Жестокость его была кажущейся; следовало сделать поправку на первобытные формы лица и тела; музейные реконструкции внешнего облика людей эпохи палеолита не могли подготовить человека двадцатого века к чему–то подобному: что, если бы ему в самом деле представилась возможность вернуться назад во времени и посмотреть на варвара ледникового периода во плоти?
Его волосы были спутаны и всклокочены, лицо покрыто коркой грязи, а губы — резко скошены. Но даже это могло быть обманчивым впечатлением, не имеющим особого значения. Жестокость может принимать различные формы, и иногда человек с добрыми инстинктами может в основе характера сохранить какие–то жестокие черты, он может стать чрезмерно жестоким, когда столкнется с чем–то враждебным и его гнев выйдет из–под контроля.
Джоан почему–то догадалась, что огромный человек не испытывал к ней ненависти; изгиб его губ — это просто биологическая особенность; видимо, человек не контролировал свои лицевые мышцы.
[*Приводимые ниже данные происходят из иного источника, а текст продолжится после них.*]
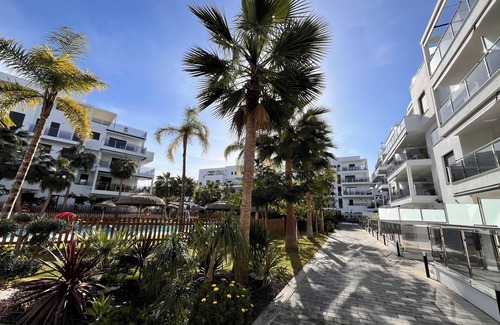 Motril Apartment | Design apartment in Residencial AGUACATE BEACH, golf and beach 5 minutes away.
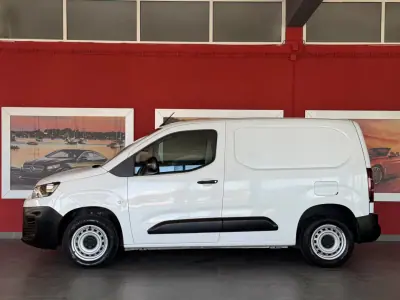 Citroën BERLINGO 1.5 BlueHDi 100 S&S Club M 2022 - 15990 EUR, 92798 km - AUTO.MOTO.pt - 92798km - foto 6 de 19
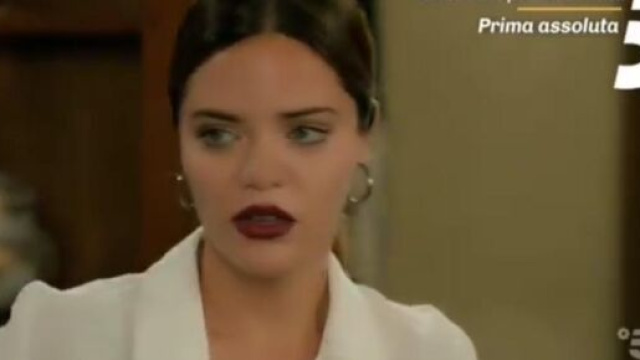 In foto Zuleyha nella soap Terra amara &copy; Mediaset.
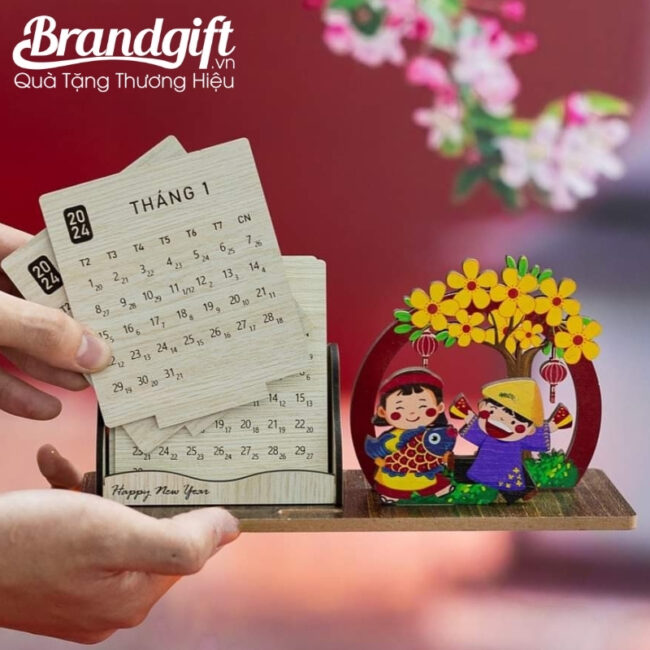 lich-de-ban-go-in-logo-lam-qua-tet-2026-hoa-tiet-em-be-vui-xuan-lt-09 (2) lich-de-ban-go-in-logo-lam-qua-tet-2026-hoa-tiet-em-be-vui-xuan-lt-09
Внезапно, он сделал удивительную вещь. Он повернулся и указал на бескрайнее пространство снега и льда впереди. Луна вышла из–за облака, и равнина была залита серебристым сиянием. Но лунный свет, казалось, еще ярче озарял массивные плечи высокого варвара, на которых виднелись тонкие, переплетающиеся полоски меха.
Не произнося ни слова, мужчина пошел по снегу. Отойдя на десять или двенадцать шагов, он резко повернулся и знаком приказал Джоан шагать за ним. Она повиновалась, зная, что у нее нет выбора.
Глава 10
Человек может проснуться после глубокого сна и обнаружить, что мир совсем не изменился и обрадоваться, потому что он не хотел бы его менять. Или, если человек заснул, чувствуя себя несчастным, желая умереть, он может проклинать и солнце, и луну, и звезды, не находя никаких улучшений в своей судьбе, не радуясь тому, что начался еще один тоскливый день.
Ни один человек не хотел, чтобы мир изменился, больше, чем Дорман — он мечтал вернуться из замороженной пустыни в… да, во влажные тропические джунгли центральной Мексики. Но первое его чувство, едва он открыл глаза — это была радость.
Мир вряд ли мог измениться сильнее, вряд ли тени могли стать уродливее. Но одна часть мира не изменилась, и эта часть стала, в некотором смысле, всей его жизнью.